Of course, as the first dictionary, you can create a file with one text field – login. But there is another option using the most powerful sed command:

In this team:

  • superadmin — string to be inserted before each password

  • t — a tab character that will separate the login and password

  • pass.txt — file from which passwords are read

  • login_pass.txt — a new file where passwords will be saved

If you do not want to create a new file, but want to modify an existing one, then remove the redirection and add the -i option:

How to extract usernames and passwords from a combined dictionary into regular dictionaries

If we need to extract only usernames and/or only passwords from the combined dictionary. For this, we will use the (also powerful) awk program.

To remove usernames:

To retrieve passwords:

In these teams:

  • ROZDILYUVACH – this is a symbol that distributes logins and passwords. If you need to enter a tab character, write “t”.

  • GLOSSARY.txt – combinations of the dictionary for which we need lists of words

In principle, the commands only differ in $1 (the first field before the separator) and $2 (the second field after the separator).

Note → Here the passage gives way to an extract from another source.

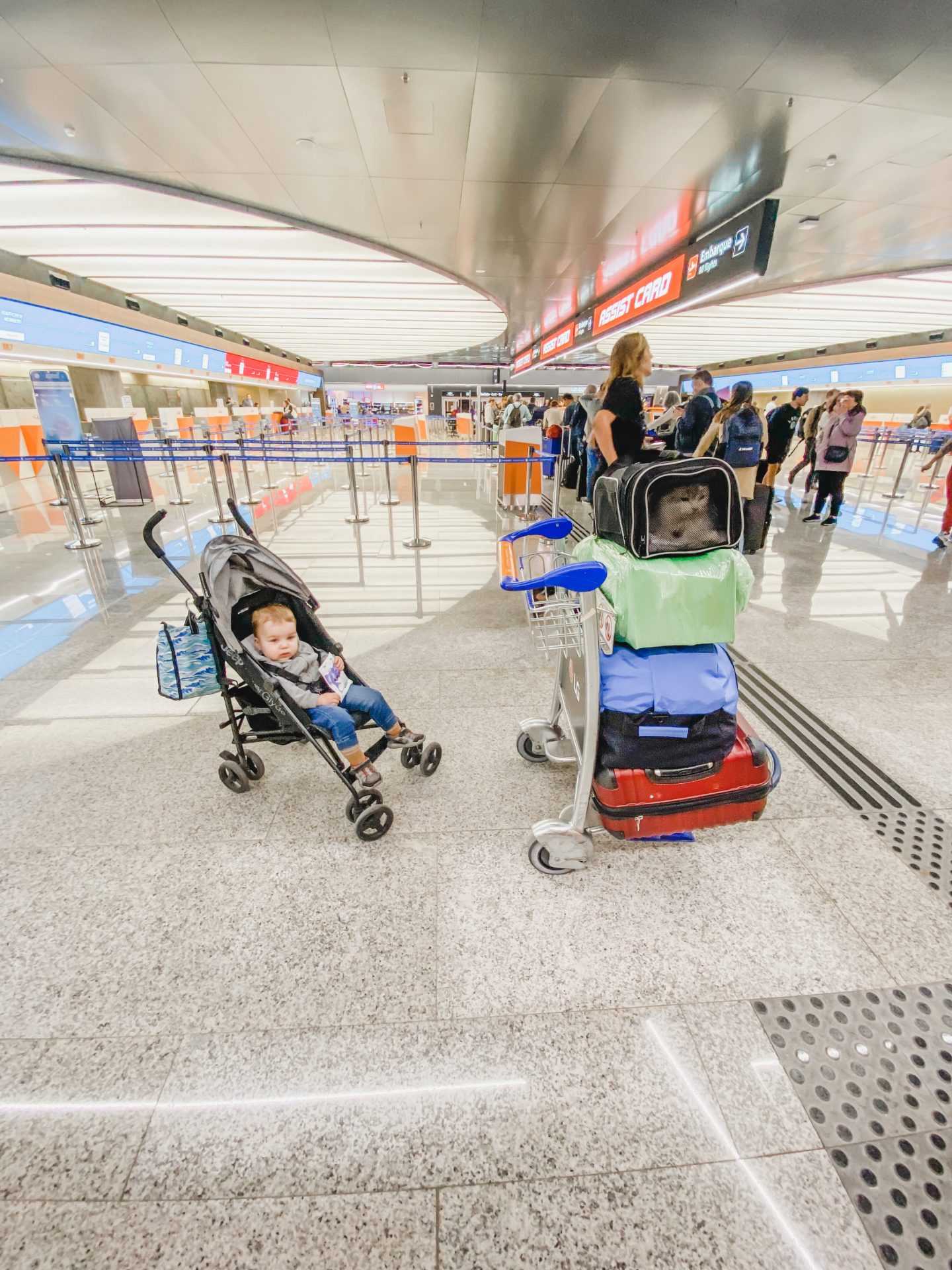 Cat Carrier at Airport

How, with the help of Hashcat, you can generate a dictionary of MD5 hashes of all six-digit numbers from 000000 to 999999

Hashcat can work for regional tables, but only for Wi-Fi. Then, for the help of PHP, you can change the number of rows:

Execution time – 1-4 seconds. During this time, all md5 hashes for lines 000000…999999 will be generated. Save the above code to file md5-rb-gen.php, run like this:

To save the hashes of the file:

An interesting observation about the speed of achieving the task. The next two commands do the same thing:

But, on the average computer, execution of orders three times a year. FP appearing faster than native Linuh tsommands.

Doubling words

How to create a dictionary of 12 character words consisting only of decimal digits (?d) of the format abcdefabcdef, that is, a six-digit number written twice? You can use an Attack based on rules, or you can write a small Bash script (all words in the user.txt file are written twice):

For our task of doubling six-digit numbers, we can use the following command, which will generate six-digit numbers and write each number twice:

How to create a dictionary with a list of dates

How to create a list of dates according to the template DD-MM-YYYY, that is, corresponding to the mask ?d?d-?d?d-?d?d?d?d but so that the search is not in the range 00-99, but 01-31, 01 -12 and 1900-2021 respectively? The pydictor program can create such dictionaries.

But it is even easier to make a dictionary like this (it will be saved in the dates.txt file):

If you want to do without creating a dictionary, then pass the output of the previous commands to the hashcat standard input:

How to break the generated dictionaries into parts

Is it possible somehow in the maskprocessor to divide the generated dictionary into several parts? For example, in parts of 1GB. Yes, it is possible to divide the output of the mask processor, as well as ready-made dictionaries into parts. In Linux, it is convenient to use the split utility for this, for example:

Other related articles
Found an error?
If you find an error, take a screenshot and send it to the bot.